ASSIGNMENT: Exactly reproduce the line containing "Pathogens 09 00992 g002 Pathogens" and all later lines to the end of the entries, leaving the pictures out of your copy.

START EXERCISE INPUT

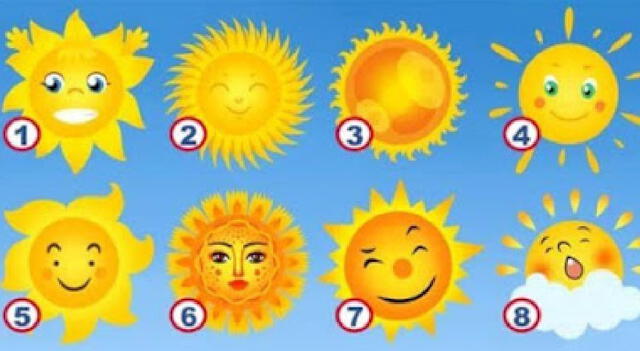 Test de personalidad test viral 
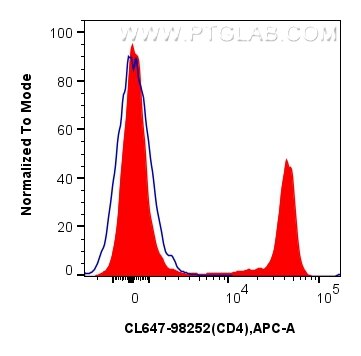 Flow cytometry (FC) experiment of rat splenocytes cells using CoraLite® Plus 647 Anti-Rat CD4 Rabbit Recombinant (CL647-98252)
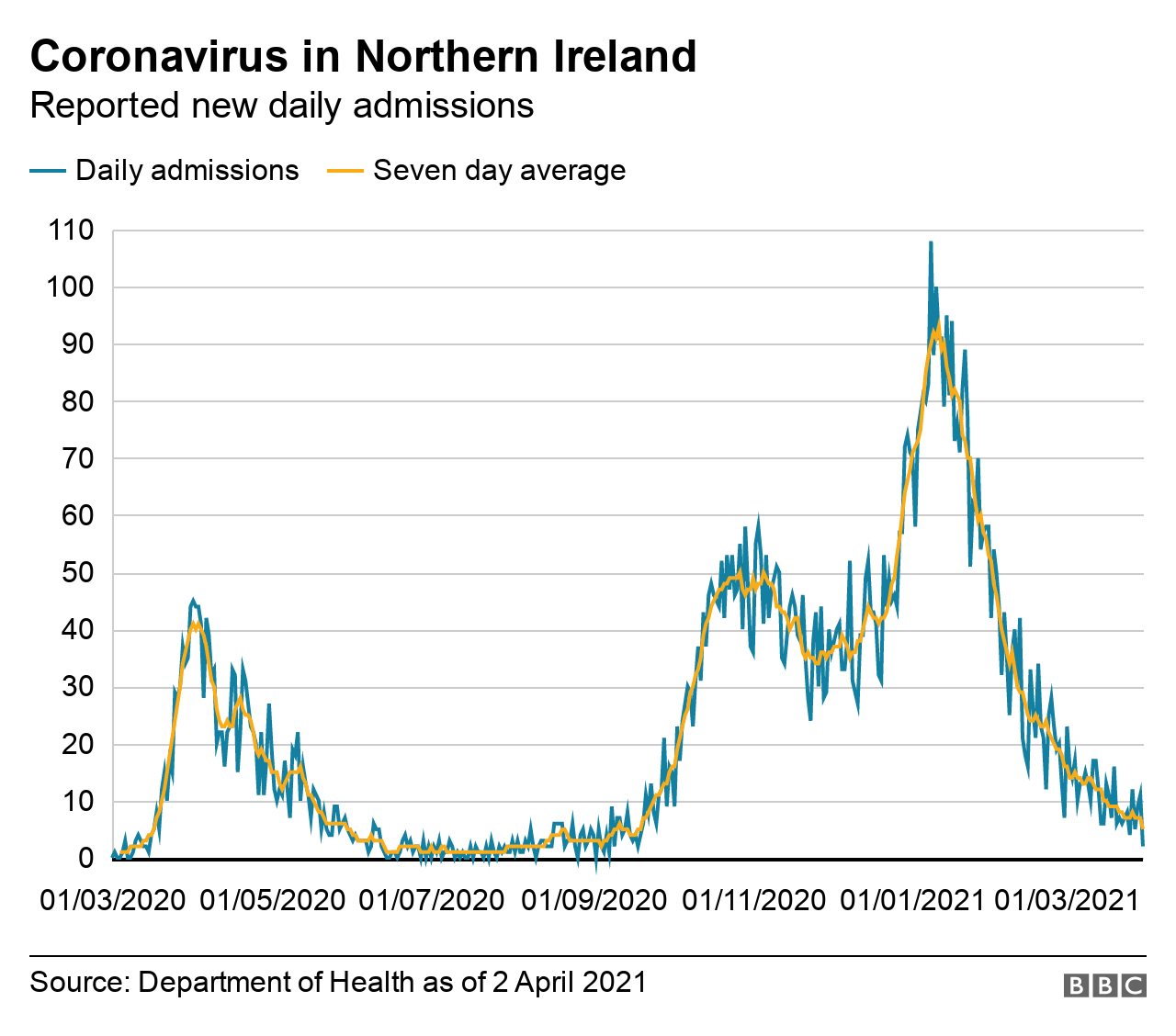 Coronavirus admissions in NI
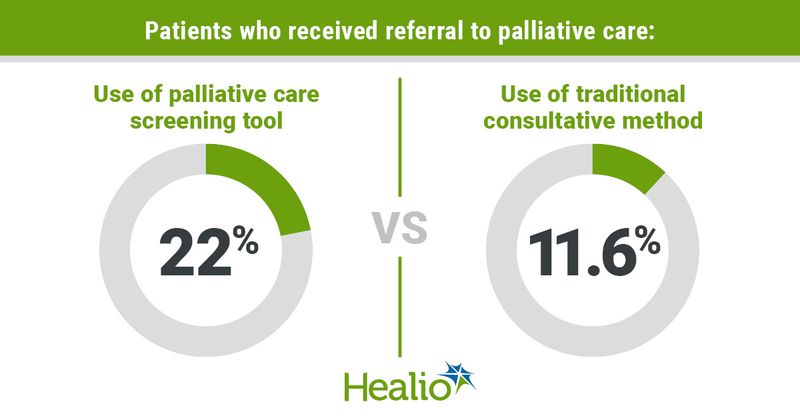 Infographic of patients who received referral to palliative care.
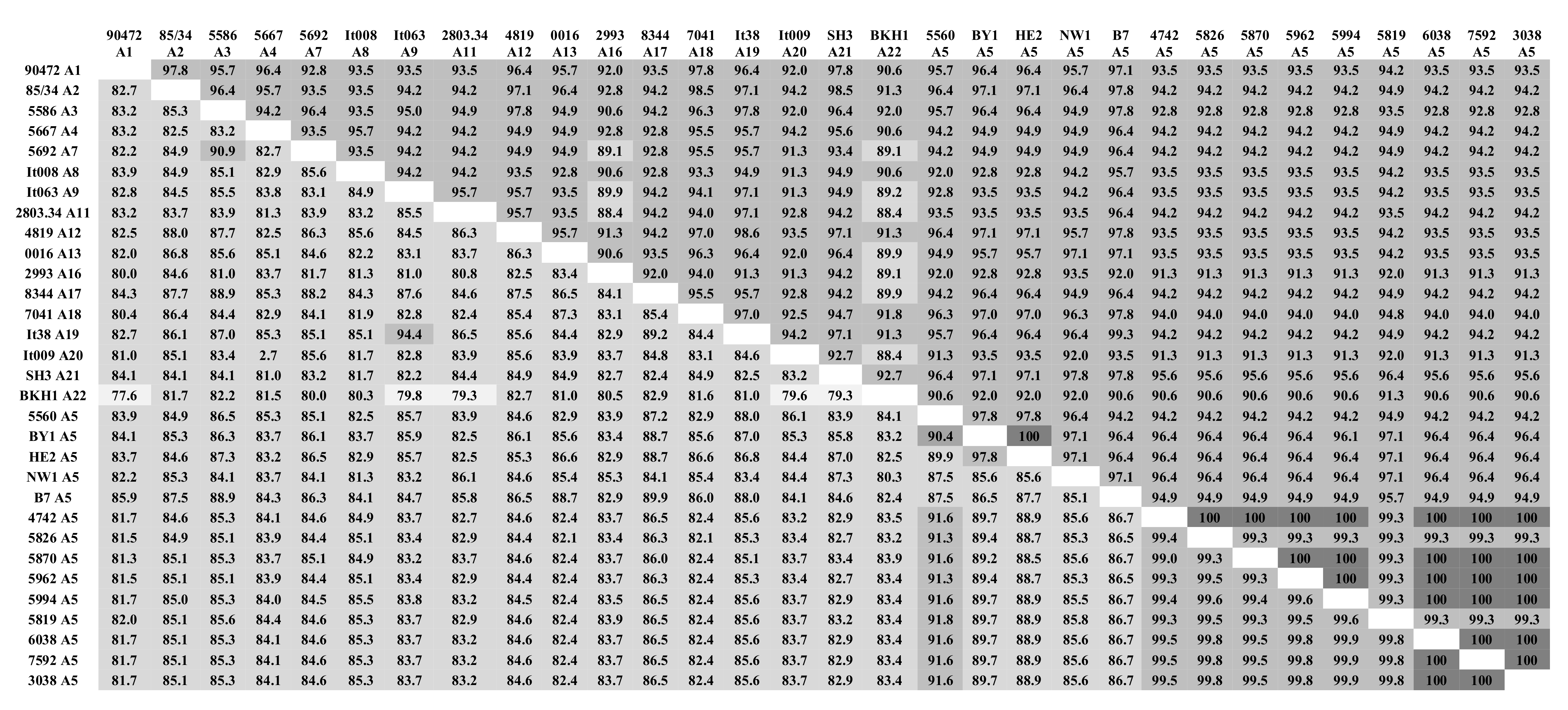 Pathogens 09 00992 g002 Pathogens 09 00992 g002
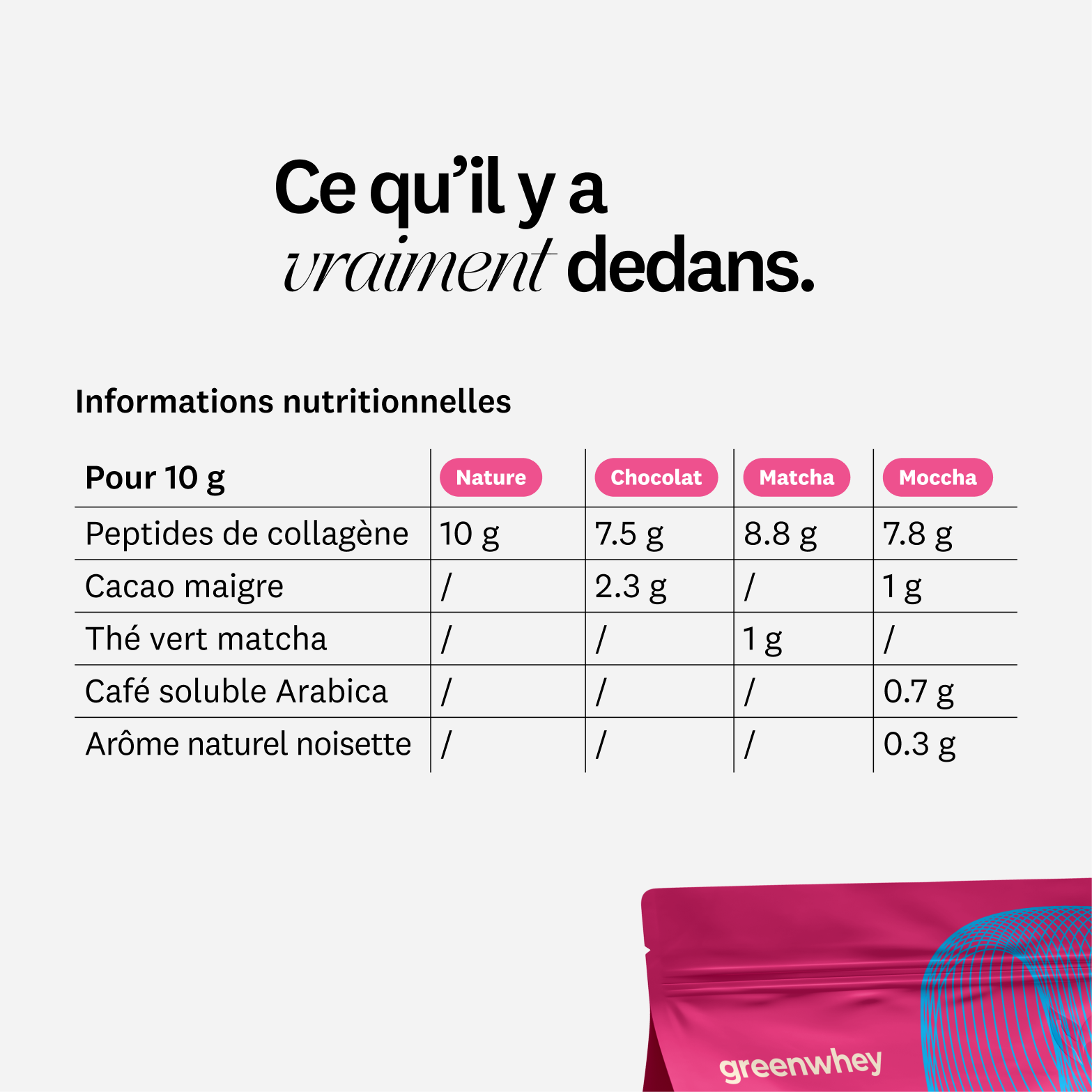 Peptides de Collagène Marin PEPTAN®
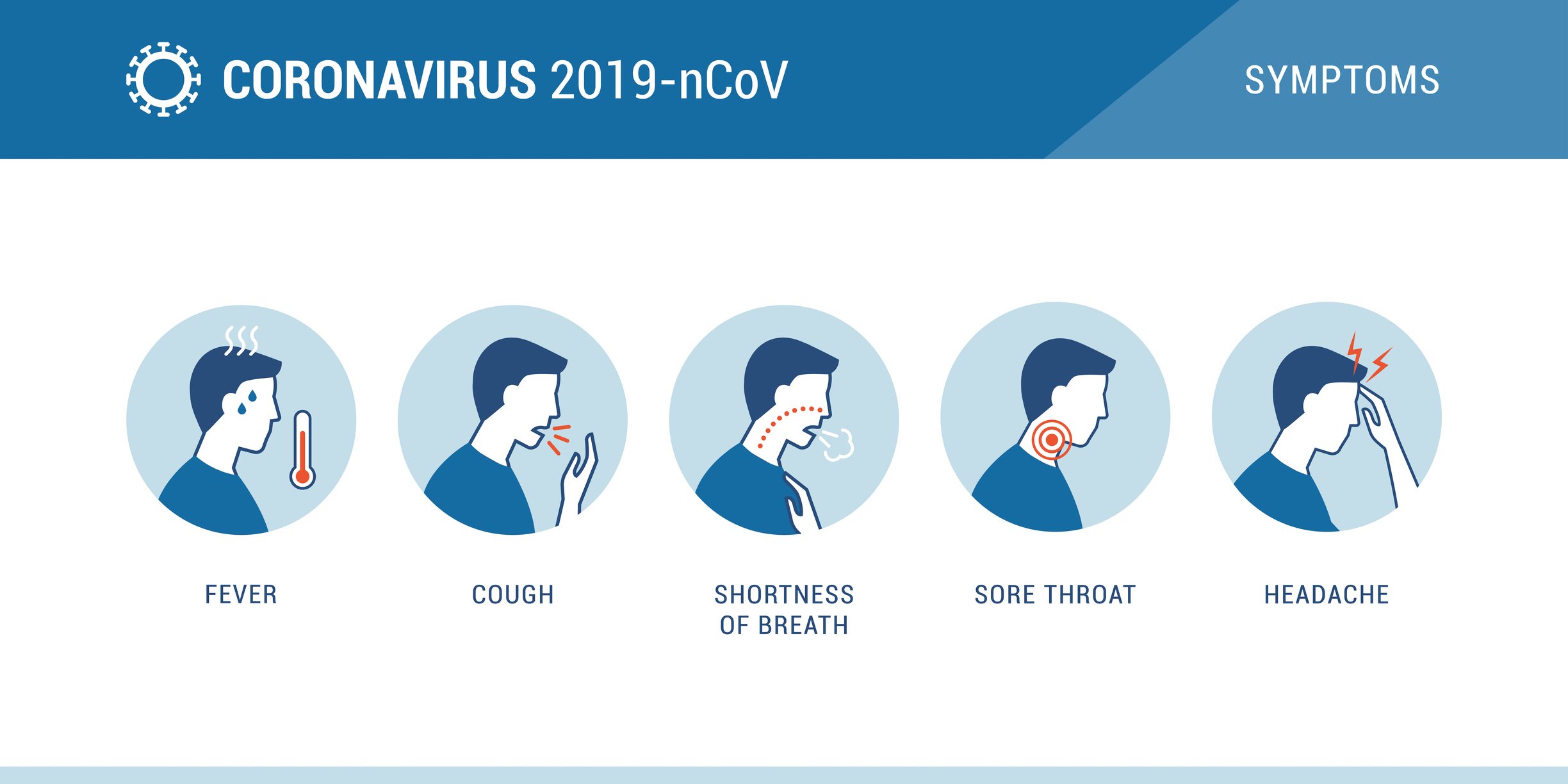 symptoms of coronavirus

END EXERCISE INPUT

ANSWER BOX:
 Pathogens 09 00992 g002 Pathogens 09 00992 g002
 Peptides de Collagène Marin PEPTAN®
 symptoms of coronavirus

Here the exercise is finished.